“Pengaruh Dokumen Abu Dhabi belum seperti yang diharapkan. Oleh karena itu, kalau bapak dan ibu ingin memperjuangkan itu sekarang dengan kunjungan ke Vatikan atau ke tempat- tempat lain dalam forum dunia nanti, kalau pulang perjuangkan di sini juga ya (Indonesia),” tutur Kardinal Ignatius Suharyo.
Baca Juga: Kapolri Ingatkan, Waspadai Politik Identitas pada Pemilu 2024
Semangat Dokumen Abu Dhabi, ditambahkan oleh Kardinal Suharyo, perlu terus disosialisasikan. Realitas di lapangan potensi konflik besar sekali dengan berbagai macam alasannya.
Kepentingan dikedepankan negara masing masing, baik masalah pengungsi, masalah pangan, dan masalah lainnya, belum lagi masalah agama.
“Di India ada Hindu yang juga aliran keras, di Pakistan mirip-mirip dengan Indonesia.
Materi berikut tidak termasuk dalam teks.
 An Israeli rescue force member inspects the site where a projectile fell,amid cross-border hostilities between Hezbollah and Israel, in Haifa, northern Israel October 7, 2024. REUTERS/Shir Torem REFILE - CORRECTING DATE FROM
Di Myanmar ada rezim militer yang kejam betul. Di antara Negara yang hadir di pertemuan sidang para uskup se Asia Tenggara, Myanmar yang paling berat masalahnya”.
“Karena rezim militer dan tidak ada diskusi apapun. Ini keprihatinan kita semua,” beber Kardinal Ignatius Suharyo yang baru saja menghadiri pertemuan Konferensi Para Uskup Se-Asia di Thailand.
“Di situasi seperti itu harus ada suara hati demi kemanusiaan. Bagaimana di tengah berbagai konflik dan perselisihan, berbagai kepentingan itu ada yang menyuarakan persaudaraan”.
“ Paus Fransiskus dan pemuka-pemuka agama yang lain telah berusaha menyuarakan perdamaian. Namun rupanya gema dari Dokumen Abu Dhabi itu belum seperti yang diharapkan. Saya dengar Januari tahun depan Universitas Atma Jaya akan menggelar seminar tentang Dokumen Abu Dhabi. Kalau bisa itu terus digaungkan,” pintanya.
Mayong Suryolaksono mengatakan bahwa kunjungan resmi ke Vatikan ini merupakan yang pertama setelah paguyuban ini didirikan pada tahun 2005.